→ **Problem to solve**
Return every line of the data below exactly, but do not include the images.

→ **Dataset content**
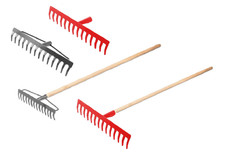 Gartenrechen Gartenharke Rechen Harke 10-18 Zinken Rasenrechen Kohlestahl stiel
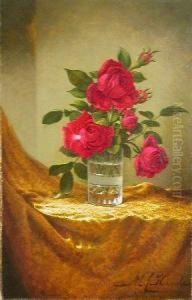 Glass Of Roses On Gold Cloth by Martin Johnson Heade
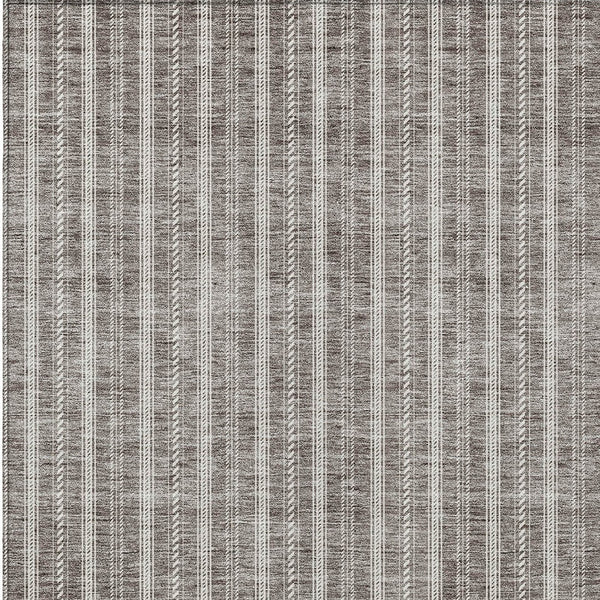 Homeroots 3' Artichoke Green And Ivory Striped Washable Rug For Indoor And Outdoor Spaces - Durable Design 9' X 12' Polyester 595917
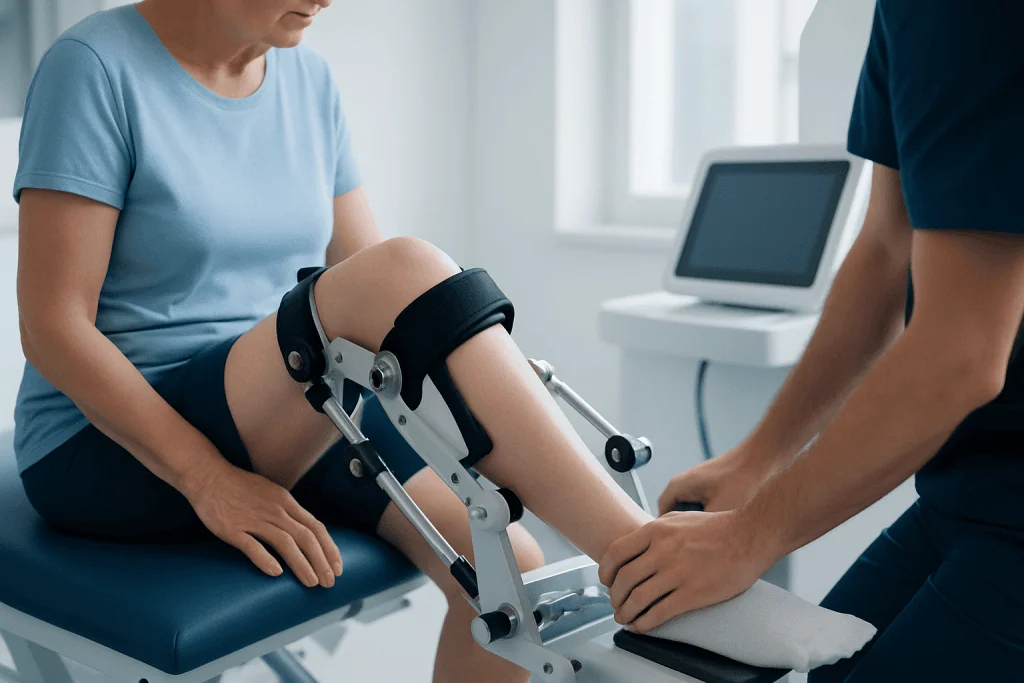 Knee rehabilitation with robotic assistive device at Acibadem Hospital.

→ **Completed task**
 Gartenrechen Gartenharke Rechen Harke 10-18 Zinken Rasenrechen Kohlestahl stiel
 Glass Of Roses On Gold Cloth by Martin Johnson Heade
 Homeroots 3' Artichoke Green And Ivory Striped Washable Rug For Indoor And Outdoor Spaces - Durable Design 9' X 12' Polyester 595917
 Knee rehabilitation with robotic assistive device at Acibadem Hospital.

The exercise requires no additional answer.